一般的に販売されているレンジで炊けるご飯調理器がなんだか味気なかったり、硬くなってしまうのには理由があります。それは【電子レンジでは温度上昇に限界がある】ことが原因です。十分に加熱できないために、お米に芯が残ってしまったり、お米のでんぷん質を甘みのある美味しい状態にできないのです。このご飯釜では、釜内の温度を100度以上に保つことが出来、お米の芯が抜けたふっくらとした甘いご飯を炊けます。先ほど見たように、二重蓋構造になっているので、程よく圧力がかかり、ふんわりもっちりしたご飯が炊きあがるのです。
使い方その1:おひつとして
白いご飯を、美味しく炊ける。実は、このご飯釜はそれだけではありません。炊いたご飯は「おひつ」としてそのまま冷蔵庫に入れてもOKです。
(釜は十分に冷ましてから入れてくださいね)
更に、再加熱も入れたままできるので、洗い物も少なくて済みます。少量を小まめに炊けるアイテムなので、朝の忙しい時間にも、レンジで気軽に炊いて、残ったご飯は釜に入れたまま冷蔵庫に保管、夜帰ってきてすぐ加熱できます。(しかも釜で加熱するのでふっくら美味しく温められます。)炊飯ジャーの保温機能を使うとご飯が劣化してしまいますが、このご飯釜があれば、少量ずつ炊いて、余ったら冷蔵庫で保管→レンジで加熱できますよ。
使い方その2:蒸し器として
レンジで簡単蒸し器としての使い方も可能です。余ったお野菜を蒸して、ヘルシーに。さつまいもやかぼちゃも水を入れてチンするだけで簡単に蒸せます。ポテトサラダやスイートポテトなどのお菓子作りの時短にもぴったりです。
使い方その3:陶器のお鍋として
レンジも直火もOKなので、陶器のお鍋としても使い方ももちろん可能です。メイン料理の調理も可能で、レンジでミートローフ、肉じゃが、ロールキャベツなど、このご飯釜一つで作ることが可能です。

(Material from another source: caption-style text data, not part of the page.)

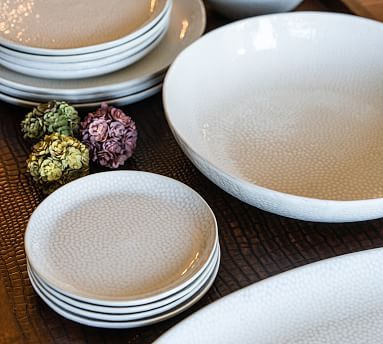 Serene Stoneware Appetizer Plates - Set of 4 | Pottery Barn (US)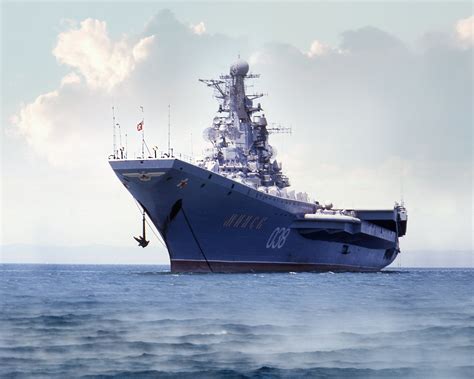 russian kiev class carrier minsk full hd wallpaper  background image  id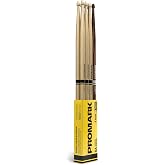 ProMark Rebound 5A Hickory Drumsticks, Acorn Tip, 3 Pairs + 1 FireGrain 5A | Rear-weighted 5A hickory drumsticks with an acorn tip for agile response. Value pack of 3 pairs plus a bonus FireGrain pair.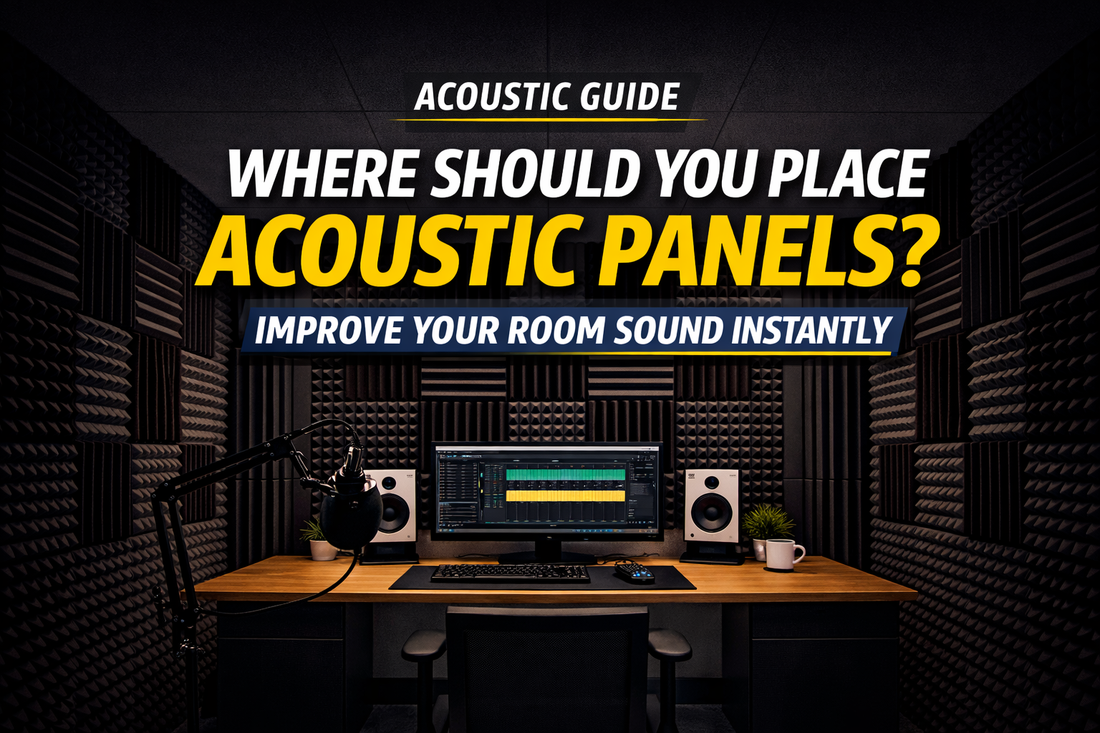 Where Should You Place Acoustic Panels in a Room?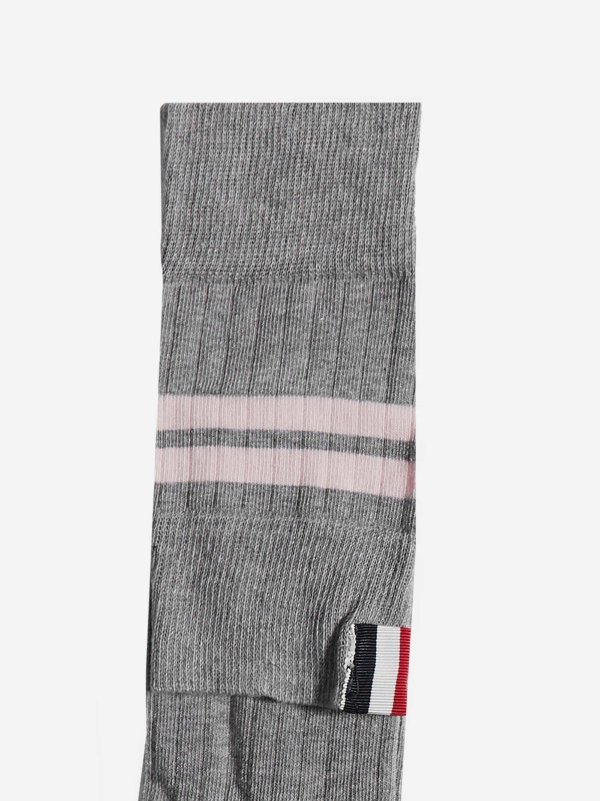 4 Bar stretch cotton socks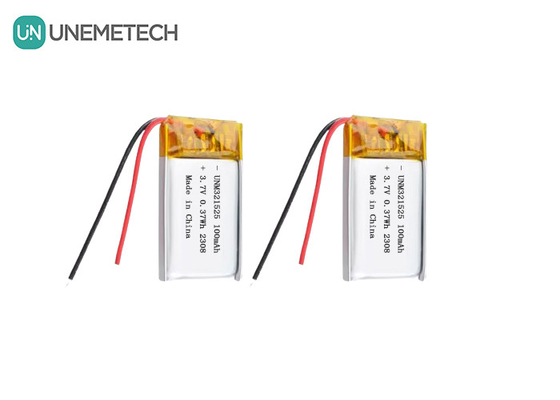 3.7V 80mAh 321525 재충전 가능한 리?? 이온 폴리머 배터리 충전 1C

実はメインディッシュやパンを焼いたりもできるこのご飯釜。簡単で美味しく、秋にぴったりの食材を使った、応用編です。
秋の味覚を存分に楽しむ、手軽な蒸かし芋
さつまいもを切って、水に浸けてレンジに入れるだけで、ふっくらあま〜い蒸かし芋が簡単にできます。
◇蒸かし芋の作り方
材料・・・さつまいも(中サイズ)2本、水(半カップ)
用意するもの・・・耐熱小皿
さつまいもは洗って2〜3等分に切り、ご飯釜の底に小皿を裏返して引いた上に置きます。ゆっくりと水を加え、準備完了。電子レンジで【500ワット、13分加熱、5〜10分蒸らし】で出来上がりです。お芋の太さや大きさで時間調整が必要な時がありますが、しっかり蒸すことができました!お子さんのちょっとしたおやつにもぴったりですね。
秋の味覚を入れるだけ。炊き込み御飯
付属のレシピを元に、炊き込み御飯を作ってみました。
◇鶏と舞茸の炊き込み御飯の作り方
材料・・・白米一合、水180cc、鶏もも肉120g、舞茸適量、めんつゆ小さじ2、醤油小さじ2、みりん小さじ2、砂糖小さじ1/2
きのこと鶏肉の炊き込み御飯。具材を入れてチンするだけ。
お米は洗って水に浸しておきます。具材は鶏肉を1cm角に切り、舞茸はお好みの大きさにカットします。鶏肉は醤油・みりん・砂糖に浸しておきます。この浸し終わった後の汁とめんつゆを釜の中に入れて、米と混ぜ合わせ、その後具材を乗せてレンジに入れます。(500ワットで15分、蒸らし20分)中身を混ぜ合わせて余分な水分を飛ばしたら完成です。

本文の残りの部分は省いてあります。